As can be seen from the results of Table 1, in Examples 1 to 5 of the present invention, the haze measurement was found to be 1.66 on average, indicating very good transparency, and the coefficient of friction was also very low as 0.334. It was confirmed that there was a marked improvement in terms.

In addition, it was confirmed that no white turbidity occurred in the process of manufacturing a container using the polypropylene films of Examples 1 to 5, thereby showing very excellent results in terms of moldability.

On the other hand, in the case of Comparative Examples 1 to 5, the haze value was found to be about 3.5 on average, and thus a desirable result was not obtained in terms of transparency.
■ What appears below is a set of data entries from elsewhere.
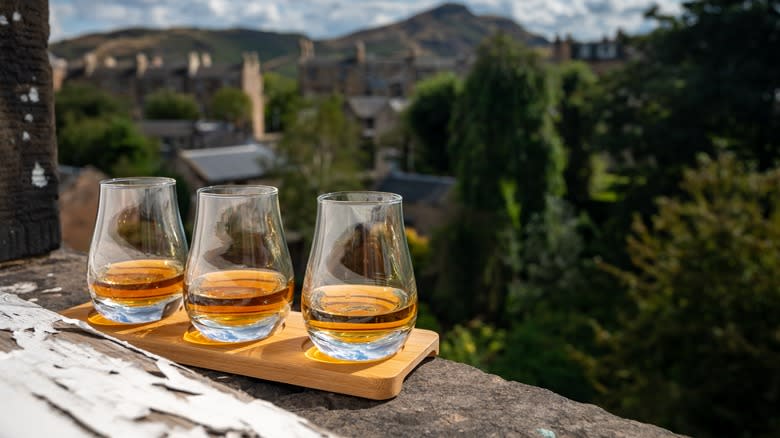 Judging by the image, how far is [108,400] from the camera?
86cm

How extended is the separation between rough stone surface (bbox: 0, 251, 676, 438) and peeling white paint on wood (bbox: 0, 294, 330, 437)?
10.3 inches

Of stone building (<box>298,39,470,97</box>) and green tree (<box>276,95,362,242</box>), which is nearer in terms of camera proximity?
green tree (<box>276,95,362,242</box>)

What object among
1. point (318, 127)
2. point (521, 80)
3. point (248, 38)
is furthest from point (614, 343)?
point (248, 38)

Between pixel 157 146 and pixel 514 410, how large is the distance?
1427 inches

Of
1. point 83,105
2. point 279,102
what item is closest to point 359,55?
point 279,102

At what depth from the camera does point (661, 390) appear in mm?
7363

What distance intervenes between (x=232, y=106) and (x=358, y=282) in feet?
160

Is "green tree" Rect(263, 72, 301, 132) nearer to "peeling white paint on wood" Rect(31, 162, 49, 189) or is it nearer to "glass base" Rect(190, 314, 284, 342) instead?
"peeling white paint on wood" Rect(31, 162, 49, 189)

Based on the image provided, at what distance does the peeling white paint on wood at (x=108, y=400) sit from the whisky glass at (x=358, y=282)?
0.30 m

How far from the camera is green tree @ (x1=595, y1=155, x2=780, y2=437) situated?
6930 millimetres

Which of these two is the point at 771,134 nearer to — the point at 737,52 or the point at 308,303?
the point at 737,52

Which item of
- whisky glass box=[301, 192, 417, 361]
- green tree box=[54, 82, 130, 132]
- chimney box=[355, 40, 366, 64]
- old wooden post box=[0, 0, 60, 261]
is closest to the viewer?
whisky glass box=[301, 192, 417, 361]

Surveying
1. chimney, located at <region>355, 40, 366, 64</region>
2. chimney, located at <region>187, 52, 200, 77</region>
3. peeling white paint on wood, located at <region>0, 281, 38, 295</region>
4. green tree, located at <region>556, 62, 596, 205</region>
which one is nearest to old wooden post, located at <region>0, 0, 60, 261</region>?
peeling white paint on wood, located at <region>0, 281, 38, 295</region>

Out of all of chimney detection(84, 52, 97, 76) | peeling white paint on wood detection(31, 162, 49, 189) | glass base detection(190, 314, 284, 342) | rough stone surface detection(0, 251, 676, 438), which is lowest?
rough stone surface detection(0, 251, 676, 438) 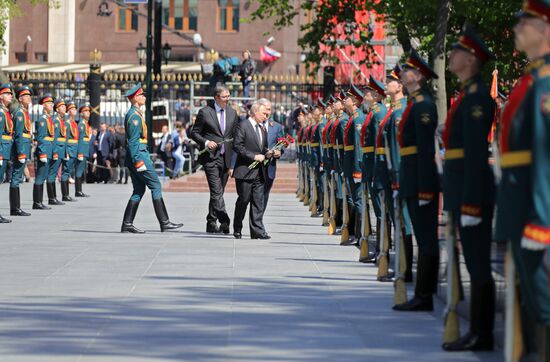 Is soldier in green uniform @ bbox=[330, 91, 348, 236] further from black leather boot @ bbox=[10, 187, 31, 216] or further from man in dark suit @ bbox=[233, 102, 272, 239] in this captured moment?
black leather boot @ bbox=[10, 187, 31, 216]

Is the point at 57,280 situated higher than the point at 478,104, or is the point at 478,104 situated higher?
the point at 478,104

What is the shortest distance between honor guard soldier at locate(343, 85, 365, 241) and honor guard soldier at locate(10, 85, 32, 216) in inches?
254

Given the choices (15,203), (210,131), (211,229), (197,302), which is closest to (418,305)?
(197,302)

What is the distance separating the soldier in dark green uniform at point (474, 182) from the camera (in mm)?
8773

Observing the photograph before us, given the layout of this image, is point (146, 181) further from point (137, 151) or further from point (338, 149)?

It was found that a considerable problem may occur in speeding up the process when manufacturing.

In addition, in the container manufactured using the polypropylene film of Comparative Examples 1 to 5, the turbidity was severe and a high quality product could not be obtained.

As described above, the present invention provides a high transparency by applying a water-soluble polymer resin mixture exhibiting an activity improving action on the surface of the polypropylene film prepared by selecting a polypropylene having an appropriate melt index and melting point, extrusion and stretching orientation at a specific temperature It is a useful invention to provide a highly transparent polypropylene film having improved bi-activity and a method for producing the same, which can simultaneously remarkably improve this activity.

Claims (8)

After the homopolymer or copolymerized polypropylene having a melt index of 1 to 20 g / 10 min and a melting point of 130 to 180 ° C. is mixed alone or with an additive, it is extruded at a temperature of 200 to 250 ° C. and quenched at a temperature of 15 to 40 ° C., followed by a sheet molding machine. Highly transparent poly-improvement, characterized in that the coating of the polymer resin solution containing 0.1 to 3% by weight of water-soluble polymer resin compound and 0.01 to 1% by weight of colloidal alumina on at least one side of the polypropylene sheet prepared by molding Process for producing propylene film. The method of claim 1, wherein the colloidal alumina has a particle diameter of 10 to 50 nm. The method of claim 1 or 2, wherein the water-soluble polymer resin compound is a water-soluble polyester resin, a water-soluble polyurethane resin or a water-soluble acrylic emulsion resin, a method for producing a high transparency polypropylene film having improved diactivity, characterized in that the mixture. . 4. The method of manufacturing a high transparency polypropylene film having improved activity according to claim 3, wherein the sheet molding machine is a "?" Type belt type sheet molding machine. After the homopolymer or copolymerized polypropylene having a melt index of 1 to 20 g / 10 min and a melting point of 130 to 180 ° C. is mixed alone or with an additive, it is extruded at a temperature of 200 to 250 ° C. and quenched at a temperature of 15 to 40 ° C., followed by a sheet molding machine. High transparency with improved biactivity, characterized in that the polymer resin solution containing 0.1 to 3% by weight of water-soluble polymer resin compound and 0.01 to 1% by weight of colloidal alumina is coated on at least one side of the polypropylene sheet prepared by molding Polypropylene film. The method of claim 5, wherein the colloidal alumina has a particle diameter of 10 to 50 nm. The method of claim 5 or 6, wherein the water-soluble polymer resin compound is a water-soluble polyester resin, a water-soluble polyurethane resin, or a water-soluble acrylic emulsion resin. . 8. The method according to claim 7, wherein the sheet molding machine is a "Δ" belt type sheet molding machine.